But you couldn't tell it from first-quarter figures, which showed construction permits nearly reached the landmark $1 billion level.

Commercial and residential construction, the backbone of Utah's economy in recent years, continued to set records in the first quarter, according to the "Utah Construction Report" released this week by the University of Utah Bureau of Economic and Business Research.

Construction valuation in the first three months of 2001 reached a record high of $975.2 million, up $81 million over the same period last year, which also was a record at the time.

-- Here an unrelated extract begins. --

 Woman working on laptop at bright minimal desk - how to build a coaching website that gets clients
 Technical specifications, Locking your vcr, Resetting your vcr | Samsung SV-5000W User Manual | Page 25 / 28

"The strength of the construction industry is broad-based, with the residential, nonresidential and additions-alterations-repairs sectors all sailing along at record or near-record levels," bureau analysts James A. Wood and Diane S. Gillam wrote in the quarterly report.

Particularly impressive was residential construction, up 14.2 percent over the first quarter of 2000 to $535 million.

Permits for nonresidential construction didn't set records, but neither did they plummet as some industry watchers had expected. Valuations were up 1.6 percent to $309 million, the second highest first quarter ever.

The category of additions, alterations and repairs totaled $130.1 million, which was also a record.

The impressive gains in residential construction were not spread evenly across the state, however. Of Utah's 29 counties, 24 of them logged declines during the first quarter, including Weber, Tooele and Washington, which had previously shown strong growth. Of the rural counties, only Kane showed an increase, up 15 percent.

But the Wasatch Front counties of Davis, Salt Lake and Utah more than made up the difference, as Davis logged a 36.9 percent increase to 557 units, and Utah County saw a 26.2 percent jump to 1,088 units, both largely due to single-family home construction.

Conversely, Salt Lake County's 42.9 percent increase to 1,415 units was primarily due to 587 new units of multifamily construction, compared to 122 a year earlier.